Ia juga menyoroti persoalan sosialisasi. Saleh mengatakan masih banyak pelaku UMKM yang belum mengetahui program pembiayaan pemerintah, termasuk prosedur untuk mendapatkannya.

“Yang kedua soal sosialisasi. Sosialisasi kepada masyarakat terkait bagaimana cara mendapatkan bantuan modal itu juga dinilai masih kurang,” kata dia.

Selain persoalan pinjaman informal, Saleh menyinggung Kredit Usaha Rakyat (KUR). Ia meminta pelaku UMKM tidak ragu memanfaatkan program tersebut.

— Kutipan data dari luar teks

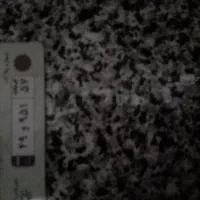 گمشده ها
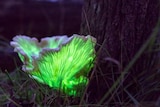 A mushroom shaped like a curled lettuce leaf glows green in the dark at the base of a tree.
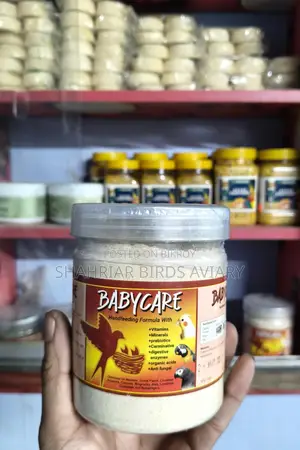 পাখির হেন্ডফিট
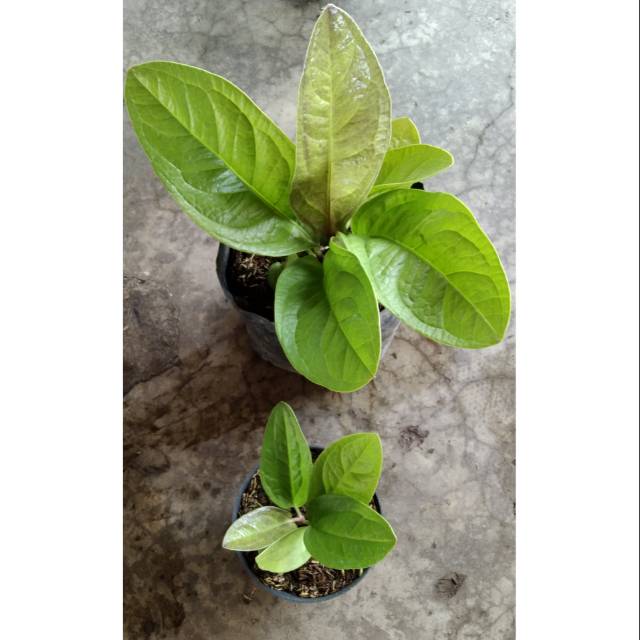 anthurium jemani golden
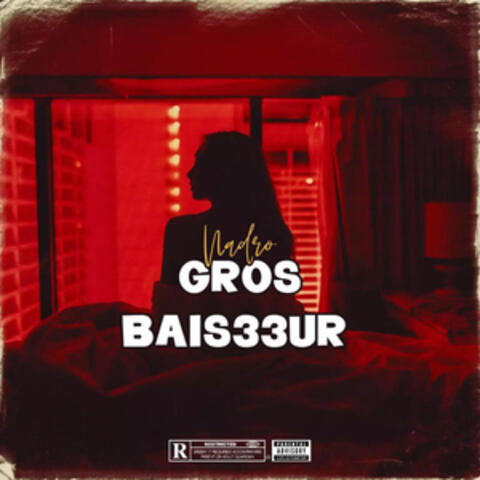GROS BAIS33UR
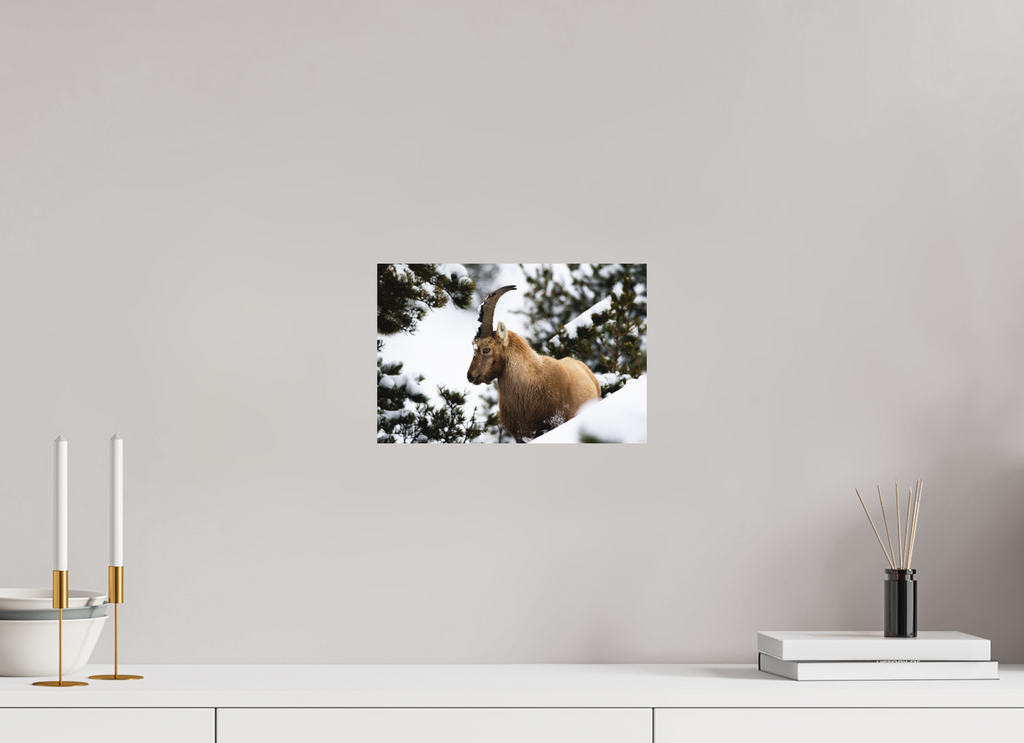 30 x 20 cm, Tirage Fine Art mat Surpris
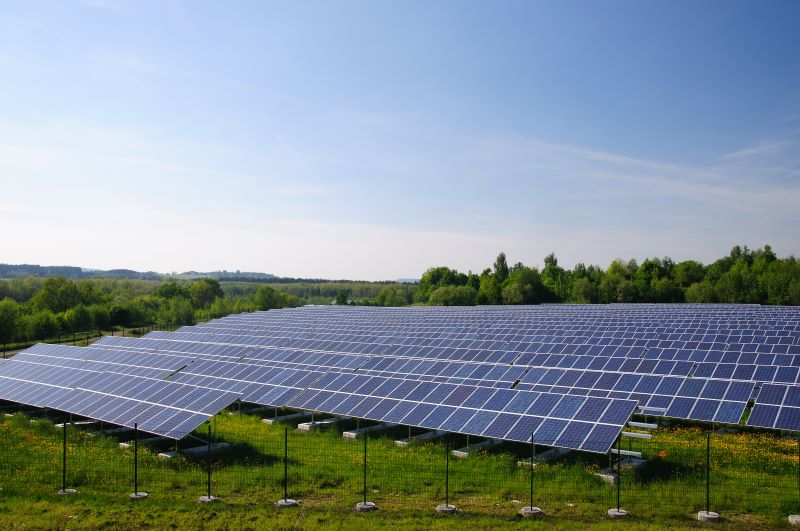 Eine PV-Freiflächenanlagen auf grüner Wiese unter blauem Himmel, im Hintergrund Bäume.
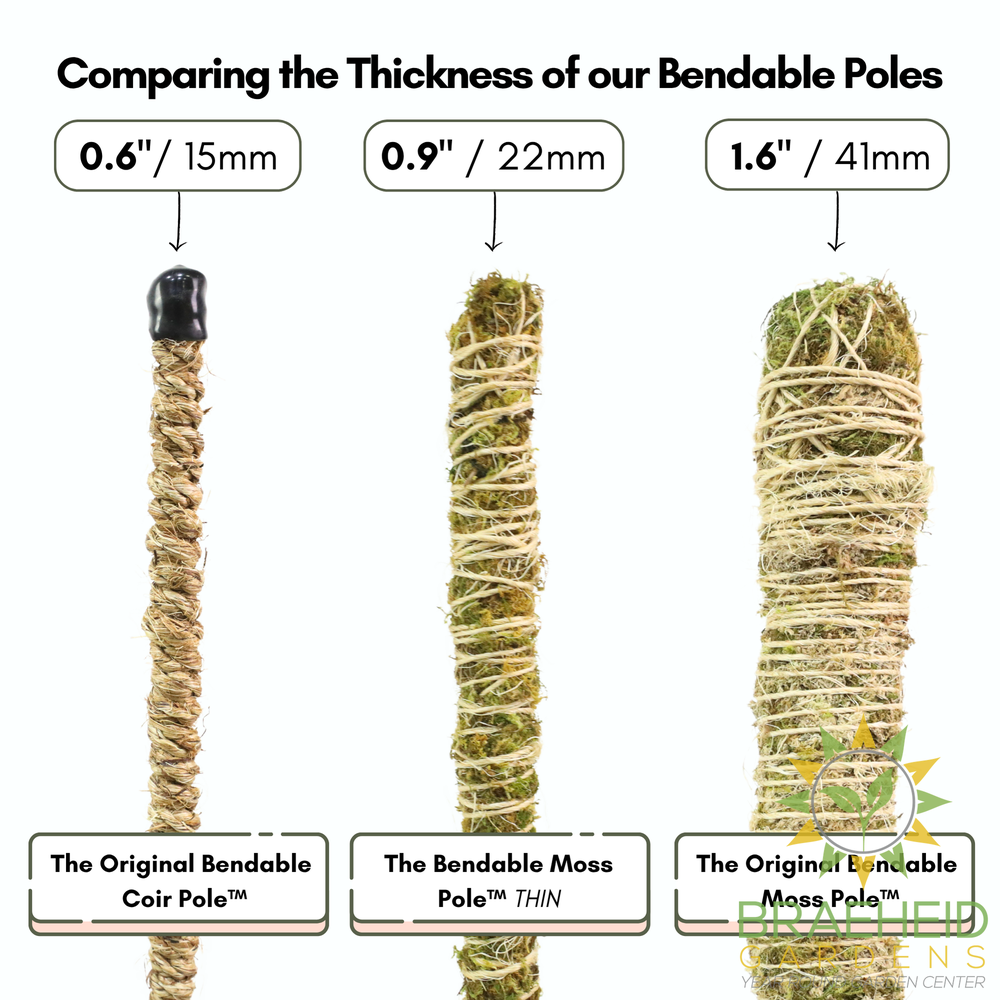 The Bendable Moss Pole™ 𝘛𝘏𝘐𝘕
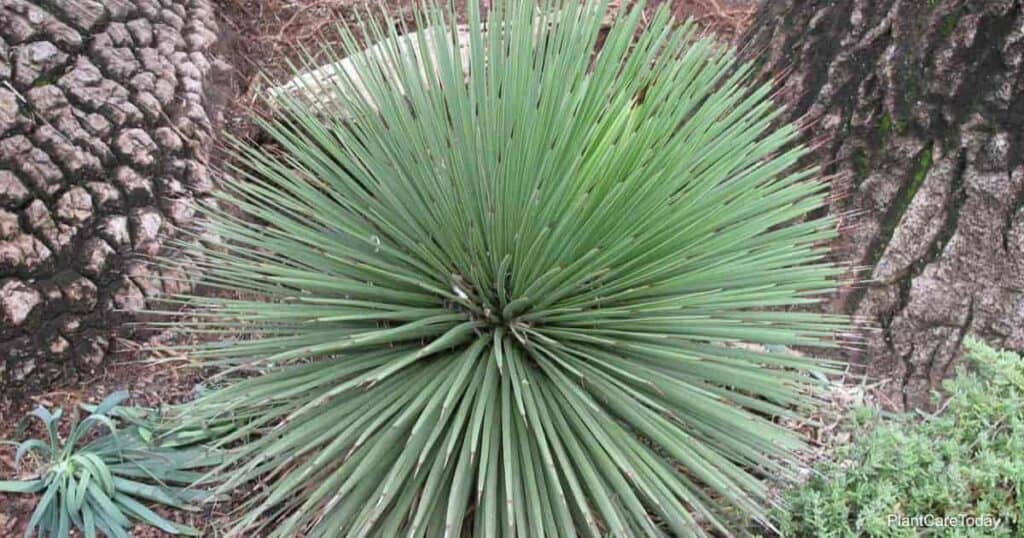 Agave stricta growing in the landscape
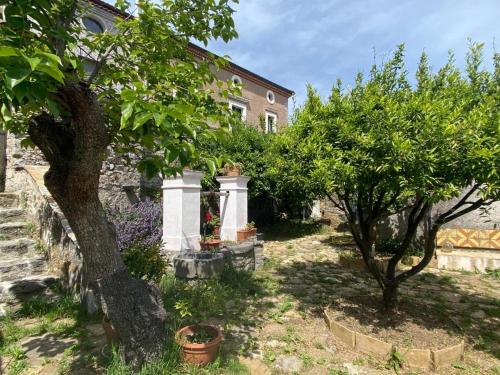 La Zizzania e il Mandarino in Roccagloriosa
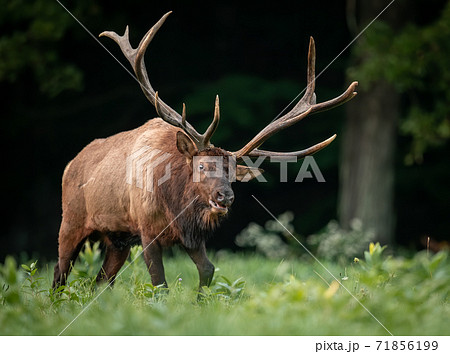Wild Elk During Rut  71856199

Saleh mengatakan KUR dengan plafon hingga Rp100 juta, sesuai ketentuan yang menjadi rujukannya, tidak mensyaratkan agunan tambahan.

“Untuk bantuan KUR, sekali lagi, Kredit Usaha Rakyat yang jumlahnya Rp100 juta atau lebih kecil daripada Rp100 juta tidak perlu didampingi dengan agunan,” ujar Saleh.

Ia meminta perbankan menjalankan ketentuan tersebut secara konsisten. Menurut dia, pelaku UMKM yang mengajukan KUR hingga Rp100 juta tidak semestinya dibebani persyaratan agunan tambahan.

Jika menemukan persyaratan tersebut, Saleh mempersilakan masyarakat melaporkannya kepada Kementerian UMKM atau pihak terkait, termasuk Komisi VII DPR RI. Laporan, kata dia, perlu disertai bukti yang dapat ditelusuri.

Saleh menilai pembiayaan formal seharusnya menjadi solusi bagi pelaku UMKM yang membutuhkan tambahan modal, bukan membuat mereka kembali bergantung pada rentenir.

Karena itu, penyaluran modal perlu diikuti pendampingan, pelatihan, dan pengawasan. Menurut Saleh, langkah tersebut penting agar pembiayaan benar-benar digunakan untuk kegiatan produktif.

Dengan akses modal yang lebih mudah dan pendampingan yang memadai, ia berharap UMKM tidak hanya mampu bertahan, tetapi juga mengembangkan skala usahanya.